Bernardo Cavalcanti Freire, sócio da BetLaw, destacou que o aumento excessivo de impostos em países como Holanda e Portugal resultou em perda de arrecadação, pois os apostadores migraram para plataformas ilegais, que se tornam mais atrativas.

Para ele, a solução também não é a proibição das bets de operarem legalmente no Brasil. Ele afirma que hoje os dois maiores mercados do planeta são China e Índia, impulsionados pela superpopulação de cada país. Em ambos, as casas de apostas não são regulamentadas, o que não impediu que haja apostadores.

“No Brasil, mesmo com a regulamentação, as bets ilegais ainda são responsáveis por 40% a 50% do faturamento do mercado”, aponta.

Regulação

A estrutura de fiscalização do governo brasileiro também foi alvo de críticas. Marcelo Damato, diretor-presidente da Pequi Consultoria de Regulação e Negócios e ex-assessor da Secretaria de Prêmios e Apostas (SPA) do Ministério da Fazenda, apontou a desproporção entre o tamanho do mercado e o efetivo estatal disponível para monitorá-lo.

“Para combater o ilegal e manter o mercado legal na linha, a SPA tem dois funcionários.
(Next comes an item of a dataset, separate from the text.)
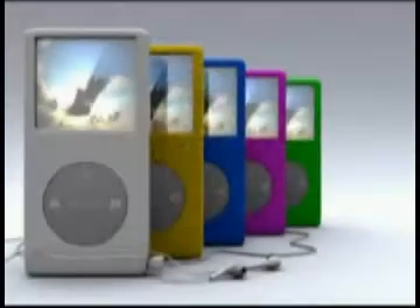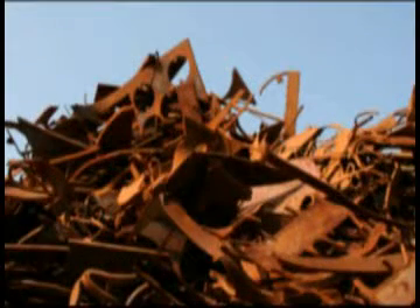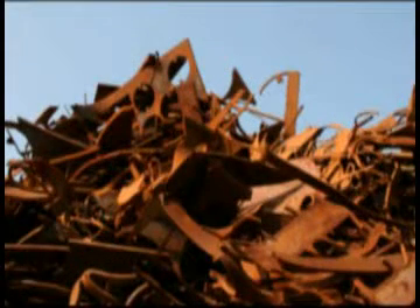I challenge the students with everything they design and ask them what will happen to the product when its useful life is over. How will they deal with the final disposition of that iPod once the last tune is played? And they have to answer that in their final proposals — to think about how it might be recycled, how it might be disassembled and the components reused in some way, or how that product can continue its life.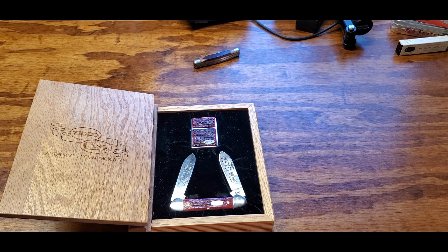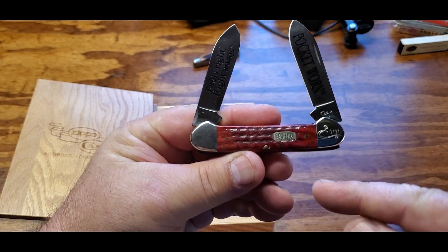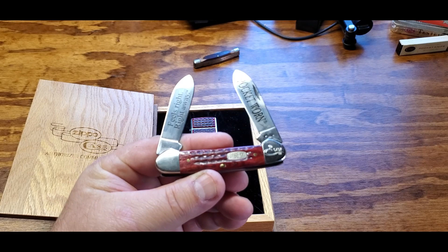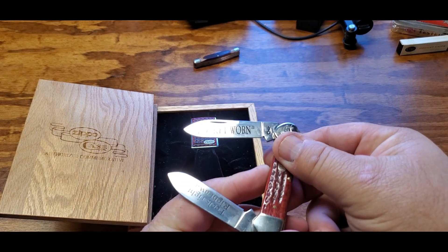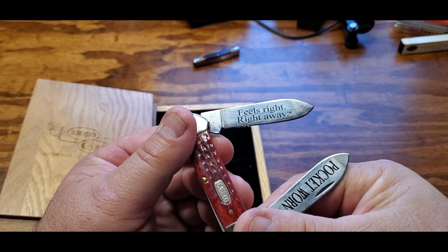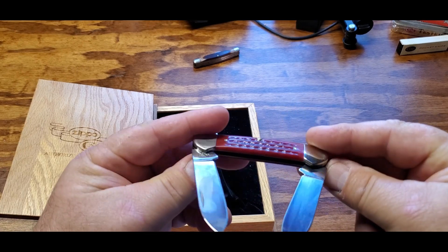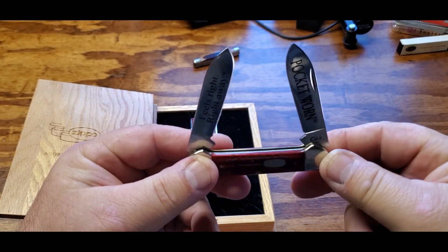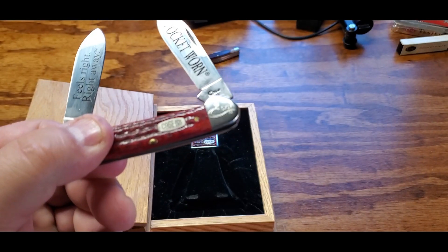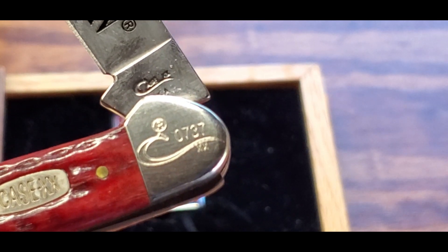Looking at the knife, you can see it's a canoe. For those who don't know what a canoe is — if you look at the handle and how the nickel silver bolsters come up, it kind of looks like an old canoe. On one blade it says 'Pocket Worn,' and the other says 'Feels Right Right Away.' This is a 1993 Case canoe with a really nice red jig bone, and it's number 737 of 1,500, engraved right on the bolster.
Para você comparar, a autoridade pública de proteção de dados no Brasil virou agência neste mês. Eles têm 300 pessoas”, compara.  

“Se a estrutura [da SPA] fosse maior, poderia combater o mercado ilegal e fiscalizar o mercado legal”, completa.

Damato ainda classificou a legislação brasileira como uma “colcha de retalhos” e “obsoleta”, mencionando que a proibição de apostas em eventos não esportivos.

Entretenimento

A diferenciação entre aposta como forma de lazer e como suposto investimento é um dos pilares defendidos pelas empresas legalizadas. Garcia, da Flutter, reforçou o papel pedagógico das marcas no combate à ludopatia (vício em apostas).

“Quero trazer papel de protagonismo das bets que é promover aposta como entretenimento, não como investimento. É nosso papel ter ferramentas de controle e lançar campanhas educativas”, afirma o executivo.

Garcia lembra de campanha recente da Betnacional em que utilizou a imagem de Vini Jr., embaixador da marca, transformado em Vini Sr., para ressaltar a importância do consumo consciente nas apostas.

Manipulação

Freire complementou que um dos principais motores para a regulamentação foi o combate à manipulação de resultados. Ele pontuou que o mercado de previsões, recentemente proibido no Brasil após portaria do Ministério da Fazenda, operava fora da legislação de apostas. Para o executivo, a permissão desse tipo de serviço deve ser feita com amparo legal adequado.

“Um dos maiores impulsos da regulamentação foi manipulação de resultados. Mercado de predições não estava obedecendo à regulamentação. Se quer fazer predição, precisa fazer uma alteração legal. Hoje a autorização do mercado de previsão está restrita a  derivativos sob normas da  (CVM [Comissão de Valores Mobiliários]. Aprovamos eles , desde que paguem a conta”, afirma Freire.